What is required:
Could you restate word for word only the lines below from the one holding "A diamond cross" to the one holding "a kitchen with", inclusive, and leave out the pictures?

Records for processing:
#####

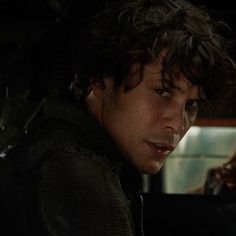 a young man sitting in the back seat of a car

#####

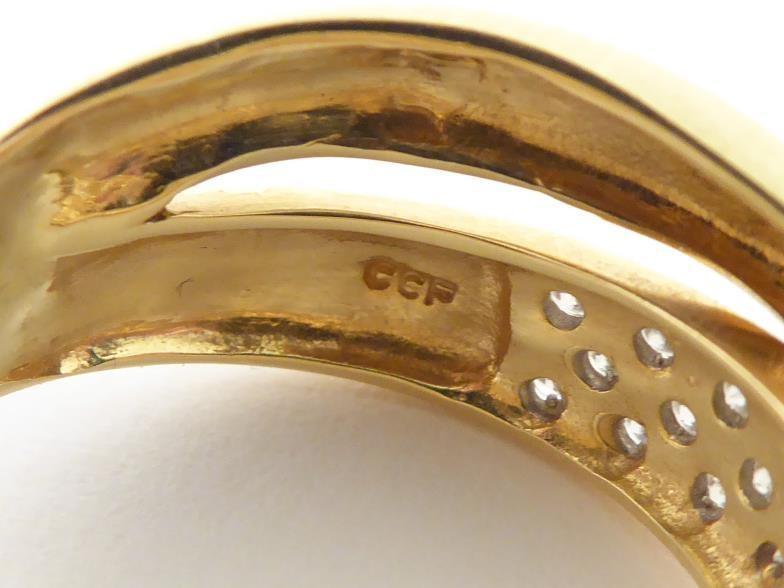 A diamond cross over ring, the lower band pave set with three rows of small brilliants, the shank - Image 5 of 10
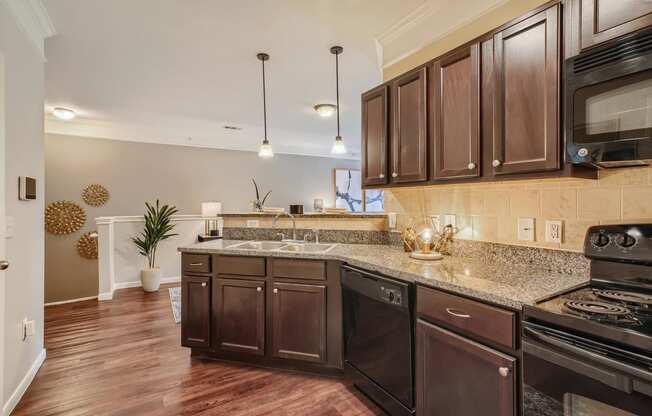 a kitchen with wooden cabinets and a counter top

#####

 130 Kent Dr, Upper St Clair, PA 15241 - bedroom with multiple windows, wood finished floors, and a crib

#####

Expected answer:
 A diamond cross over ring, the lower band pave set with three rows of small brilliants, the shank - Image 5 of 10
 a kitchen with wooden cabinets and a counter top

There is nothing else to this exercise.